With the athletes gathering in the UAE for Friday mornings’ 6th edition of the RAK Half Marathon, now clearly one of the fastest half marathons in history, the question to ask this year is not “Will the races be fast again?”, but “How fast will they run?”. Each previous edition of the Men’s race has been won under the hour, and the tiny Emirate is now able to boast world record setting contests since 2007 for both men and women.
Mary Keitany’s stunning 65:50 world half marathon record of last year redressed the balance of the slow first two women’s editions of the race, with each subsequent lady’s contest getting quicker than the last. For their part, the slowest winning time in the men’s race was in 2010 when Geoffrey Mutai, who returns to RAK this year and is now the world’s fastest ever* marathon runner, crossed the line in a still mighty fast 59:43. It was the late Sammy Wanjiru who set a world record in the very first edition of the men’s race, winning in 2007 in 58:53; little did we know at the time, that eighteen months later the powerful young Kenyan would destroy a stellar marathon field in the stifling heat of the Beijing Games.
In RAK this year, both men’s and women’s elite fields are strong enough to justify optimism once again of, at the least, two fast and highly competitive contests on Friday morning, and at best perhaps more record breaking runs. The elite men’s field lost Ethiopian Lelisa Desisa with a knee injury late last week, but the intention to break the 59 minute mark, first achieved here in 2009 with Patrick Makau’s then world record of 58:52 just 7 seconds ahead of Wilson Kipsang Kiprotich (another returnee this year) is clear and accepted by the best men with the pacemakers tasked to reach 10km in 28:00 (59:00 pace).

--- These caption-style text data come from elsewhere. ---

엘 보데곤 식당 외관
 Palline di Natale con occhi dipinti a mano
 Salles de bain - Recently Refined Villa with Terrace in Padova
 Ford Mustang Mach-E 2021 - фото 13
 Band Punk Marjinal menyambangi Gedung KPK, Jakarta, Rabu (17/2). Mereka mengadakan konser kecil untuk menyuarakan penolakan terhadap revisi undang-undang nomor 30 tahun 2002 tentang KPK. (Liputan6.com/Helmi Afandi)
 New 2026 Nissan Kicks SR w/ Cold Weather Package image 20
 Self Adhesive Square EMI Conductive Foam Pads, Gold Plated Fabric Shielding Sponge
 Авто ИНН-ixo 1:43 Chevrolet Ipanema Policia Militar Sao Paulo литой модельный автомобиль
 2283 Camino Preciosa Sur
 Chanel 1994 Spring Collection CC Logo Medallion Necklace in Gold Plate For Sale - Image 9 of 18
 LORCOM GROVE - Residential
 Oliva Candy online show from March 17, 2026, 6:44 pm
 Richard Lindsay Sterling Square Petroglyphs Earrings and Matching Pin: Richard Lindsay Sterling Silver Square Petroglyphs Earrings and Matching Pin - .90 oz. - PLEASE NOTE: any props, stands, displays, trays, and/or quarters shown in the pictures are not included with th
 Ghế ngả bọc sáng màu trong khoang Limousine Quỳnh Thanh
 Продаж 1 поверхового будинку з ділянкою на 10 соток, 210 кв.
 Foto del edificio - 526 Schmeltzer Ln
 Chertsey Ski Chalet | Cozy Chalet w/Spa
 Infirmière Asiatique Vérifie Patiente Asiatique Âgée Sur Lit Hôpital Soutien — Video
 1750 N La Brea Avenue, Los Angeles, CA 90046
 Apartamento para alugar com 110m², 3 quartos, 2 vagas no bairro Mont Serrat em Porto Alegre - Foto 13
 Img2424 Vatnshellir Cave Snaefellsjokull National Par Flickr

Favourite perhaps amongst the men is the champion of last year’s Boston and New York Marathons, Geoffrey Mutai. The 30 year old, fresh from a comfortable 82 second winning margin in a preparatory run (63:53) in the San Blas Half Marathon on February 5th, is rumoured to have picked up well at his Kapng’tuny training camp following a two week break post Big Apple last November. Previous tests of his form earlier in January in two domestic cross country events showed all was well, with a win and a second place confirming the Boston bound father of two girls was picking up in Olympic year where he left off in 2011. He’ll need to, because he is not yet confirmed in Kenya’s Olympic Marathon team and is targeting a successful return to Boston on April 16th to convince his selectors that he should pull on the Kenyan colours next August in London.
While Mutai copes well with the trappings of wealth and the demands of parenting that derail many high-earning runners from East Africa - he has recently built a new house in Eldoret, has invested much of his earnings in rental apartments and is the proud father of two young girls - his counterpart as women’s race favourite, Mary Keitany, has had other distractions and the proof of her ability to cope with them begins in RAK. The world record holder got married on December 31st, just six weeks ago, and has apparently been training just once a day to feel her way back to full fitness after a momentous 2011 on the roads that saw her RAK run followed by a sub 2 hours 20 minute run in the London Marathon.
None the less, Keitany starts as favourite on Friday, aiming for something around 67 minutes but with the London Marathon in late April as her main objective, she too hopes to secure Olympic team selection at the full 42.2km distance; RAK therefore is a vital indicator of form with 9 weeks to go. To assist a hoped-for return to winning ways after her 3rd place in New York last November - she started at almost suicidal pace and the resulting time of 2:23.38 was remarkably good considering this - there will be a pacemaker for Keitany and any other ladies interested in times around 67 minutes. Knowing that the fastest woman ever at the RAK distance is supposedly vulnerable, might encourage others to take her on at that tempo. The truth will out early this Friday morning with the starter’s gun sending the field of almost 3,000 off shortly after sunrise.